The lifestyle as portrayed was not manufactured: it was a real look into loft living of young artists – something that had flourished in New York since the 1960s when those industrial buildings were emptied out. “The Soho art scene was central to the Real World. Artists like Donald Judd had been there just a few years before actually,” Morley said. “It really was this cultural fixture that spread across the country and captured imagination.”

The show was based on 1973 documentary An American Family. “The creators of the Real World took this lifestyle and broadcast it, turning the artists into the art itself,” Morley said. “Turning themselves into media was the beginning of the downward spiral into the influencer culture we have today.”

The Real World was a less glamorous version of reality TV, closer to cinema verité than the glamorous aspirational and competitive gameshow formula of more recent concepts. However, while some of the shows seem normative on the surface, they hide underneath some of the surrealism and subversion of the older shows. For example, The Bachelor, a dating show where one man speed dates 25 women who compete to win him over. “Rather than fulfilling for the audience a fantasy of love, marriage and a nuclear family, the show is actually a bunch of single women living together in a psychotic unorthodox domestic situation,” Morley said.

The loft from the first season of The Real World. Photograph: Paramount+

The Bachelor Mansion, a Mediterranean Revival manse Villa de la Vina, has hosted all episodes of the Bachelor and Bachelorette since 2007. Like the show itself, its style is more complicated than it might seem. These SoCal mission style houses were invented in the 1920s, a reflection of the mythology of the American frontier and the constructed image of American architecture in the post-war period.

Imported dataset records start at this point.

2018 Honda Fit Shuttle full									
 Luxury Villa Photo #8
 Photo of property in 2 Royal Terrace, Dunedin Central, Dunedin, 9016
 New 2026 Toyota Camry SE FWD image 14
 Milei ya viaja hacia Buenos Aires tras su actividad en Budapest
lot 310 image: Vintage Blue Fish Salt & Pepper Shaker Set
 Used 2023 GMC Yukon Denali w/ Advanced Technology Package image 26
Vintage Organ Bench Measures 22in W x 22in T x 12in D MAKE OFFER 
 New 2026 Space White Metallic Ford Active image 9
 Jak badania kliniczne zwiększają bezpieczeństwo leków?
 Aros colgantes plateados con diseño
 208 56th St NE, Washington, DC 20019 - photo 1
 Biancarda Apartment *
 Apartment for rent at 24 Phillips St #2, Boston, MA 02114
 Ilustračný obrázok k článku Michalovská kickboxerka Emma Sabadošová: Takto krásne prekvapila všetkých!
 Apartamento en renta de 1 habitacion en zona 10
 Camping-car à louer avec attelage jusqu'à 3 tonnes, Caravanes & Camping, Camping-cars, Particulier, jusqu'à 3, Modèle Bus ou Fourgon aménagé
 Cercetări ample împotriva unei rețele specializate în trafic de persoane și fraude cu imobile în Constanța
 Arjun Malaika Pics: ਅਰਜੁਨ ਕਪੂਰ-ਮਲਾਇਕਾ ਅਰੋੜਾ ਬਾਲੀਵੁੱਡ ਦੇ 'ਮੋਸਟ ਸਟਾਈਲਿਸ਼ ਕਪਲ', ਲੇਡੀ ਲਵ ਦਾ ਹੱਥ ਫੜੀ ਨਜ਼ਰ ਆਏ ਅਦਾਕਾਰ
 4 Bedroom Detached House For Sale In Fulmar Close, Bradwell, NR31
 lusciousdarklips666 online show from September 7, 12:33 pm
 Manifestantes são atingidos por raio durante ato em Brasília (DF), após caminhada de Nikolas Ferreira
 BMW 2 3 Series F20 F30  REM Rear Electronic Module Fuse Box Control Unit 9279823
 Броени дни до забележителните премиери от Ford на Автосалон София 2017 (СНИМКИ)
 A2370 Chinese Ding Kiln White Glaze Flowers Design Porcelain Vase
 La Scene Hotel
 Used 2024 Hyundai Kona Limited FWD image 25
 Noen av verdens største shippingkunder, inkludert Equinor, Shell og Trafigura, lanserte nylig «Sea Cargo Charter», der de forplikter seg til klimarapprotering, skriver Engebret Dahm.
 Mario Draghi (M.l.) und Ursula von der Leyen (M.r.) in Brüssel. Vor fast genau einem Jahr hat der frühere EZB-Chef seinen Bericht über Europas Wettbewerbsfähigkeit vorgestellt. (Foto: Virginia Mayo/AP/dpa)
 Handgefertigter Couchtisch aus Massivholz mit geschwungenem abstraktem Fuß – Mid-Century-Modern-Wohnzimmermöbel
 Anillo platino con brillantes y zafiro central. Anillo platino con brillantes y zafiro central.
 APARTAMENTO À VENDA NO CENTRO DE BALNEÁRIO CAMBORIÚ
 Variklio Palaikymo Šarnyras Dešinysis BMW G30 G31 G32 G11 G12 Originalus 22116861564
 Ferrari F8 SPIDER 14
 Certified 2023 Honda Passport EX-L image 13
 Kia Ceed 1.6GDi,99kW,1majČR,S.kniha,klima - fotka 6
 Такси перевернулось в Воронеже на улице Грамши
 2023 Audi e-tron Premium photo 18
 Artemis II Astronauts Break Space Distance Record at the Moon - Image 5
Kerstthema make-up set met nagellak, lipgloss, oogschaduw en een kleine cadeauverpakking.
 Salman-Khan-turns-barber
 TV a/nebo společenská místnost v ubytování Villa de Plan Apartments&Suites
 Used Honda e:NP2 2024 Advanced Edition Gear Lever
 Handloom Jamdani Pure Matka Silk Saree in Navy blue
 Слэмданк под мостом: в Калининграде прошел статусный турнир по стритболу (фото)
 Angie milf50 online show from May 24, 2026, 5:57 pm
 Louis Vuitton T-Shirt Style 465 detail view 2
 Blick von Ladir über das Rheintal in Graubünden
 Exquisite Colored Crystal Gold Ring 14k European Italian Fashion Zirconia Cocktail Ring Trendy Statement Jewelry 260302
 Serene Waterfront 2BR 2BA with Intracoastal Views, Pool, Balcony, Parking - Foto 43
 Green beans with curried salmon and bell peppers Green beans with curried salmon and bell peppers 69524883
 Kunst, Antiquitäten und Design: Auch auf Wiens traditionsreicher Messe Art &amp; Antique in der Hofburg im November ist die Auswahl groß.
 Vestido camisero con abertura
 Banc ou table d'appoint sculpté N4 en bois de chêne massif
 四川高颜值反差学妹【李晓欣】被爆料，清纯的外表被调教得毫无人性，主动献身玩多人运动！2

“In a job market that is so difficult, people see themselves in the zany, screwball comedy of reality TV,” Morley said. “The Real Housewives of Salt Lake City is an improv screwball comedy that really gives people relief in watching the zaniness of modern lives.”

Dream Facades reminds us that as frivolous as reality TV might seem, a deeper reading and some design history lays bare some of the seriously bizarre undercurrents of contemporary American pop culture, and of the nation itself. “Reality TV is a hard thing to study because it’s so ephemeral, and architecture can be hard to understand how it relates to pop culture.” Morley said. “I hope this book can help people understand both so we can try to shape the world into something we want.”